Thankfully, neither of those was the case: It still seemed to me to be about suffering as the unifying part of the whole human condition and the inevitability of our own fates, and I'd still say it's one of my favorite books ever. How I related to the story, though, was another matter.

The first time I read it, the things that affected me the most were the great sadness of all of the death that happens in it, and the passion of the relationship at its center. I'd recently lost a friend, so maybe that explains some of it. Not knowing what was going to happen the first time may have also played a part.

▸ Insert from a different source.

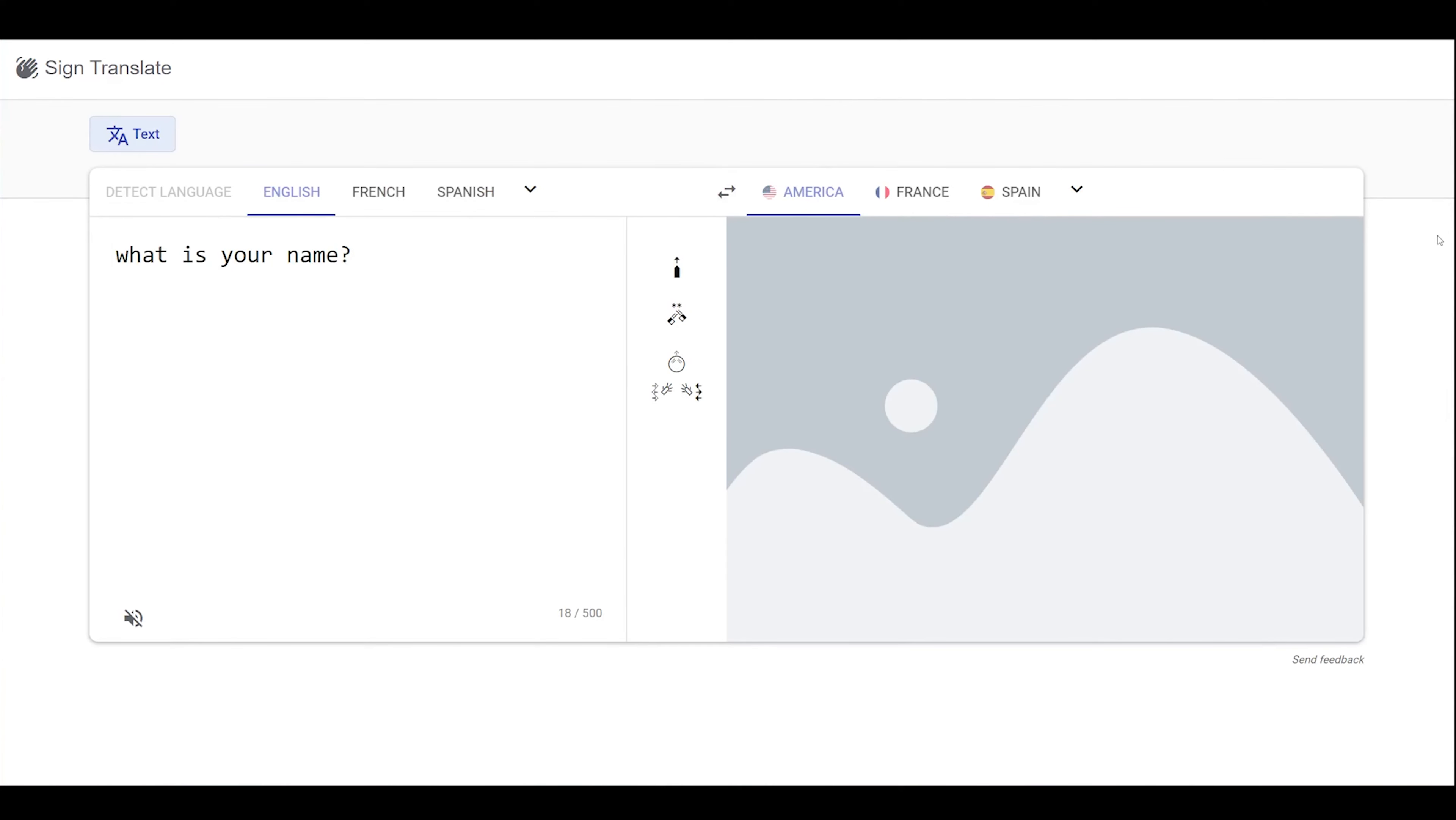In the other direction, we can perform spoken-to-sign language translation by inputting some spoken language text, which would ideally translate to signwriting, from which a skeleton or an avatar or a video would be produced.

Beyond that, I remember being impressed with what a badass Robert Jordan was. With his flask of absinthe and his backpacks full of dynamite, sleeping with Maria just hours after meeting her and leading guerrilla attacks on a fascist army. He represented a lot of things that my 22 year old self wished I could be.

Reading it this second time, the things that really affected me were different. They were more subtle, but just as profound because I'd actually lived them.

Having to finish a job in spite of unforeseeable complications that arise. The tension of being an outsider and a foreigner working alongside people who will never really understand or trust your motives for being there. Being caught up in a fight to the death over an abstract political cause that you sometimes aren't sure you even believe in. The necessity of action even in the midst of deep contemplation.

I also found that this time I admired the old hunter Anselmo. It may just be I forgot, but I have no recollection of seeing him as more than a tertiary supporting character before. Something about his steadfastness—often mistaken as simplicity—and his own conflict between his love for the Republic and his old religious faith and hatred of violence struck me in a way I don't remember at all before.

I hope I haven't aged that much in the last five years that my favorite character is now the elderly man. But then, maybe I'm looking up to him with respect the way I looked at Robert Jordan the first time.

At any rate, it was good to revisit the book. I intend to do it with a number of others now, and will have to remember to circle back to this one in another five years or so. That is unless I've tragically died by then, in which case you will have to read it for both of us.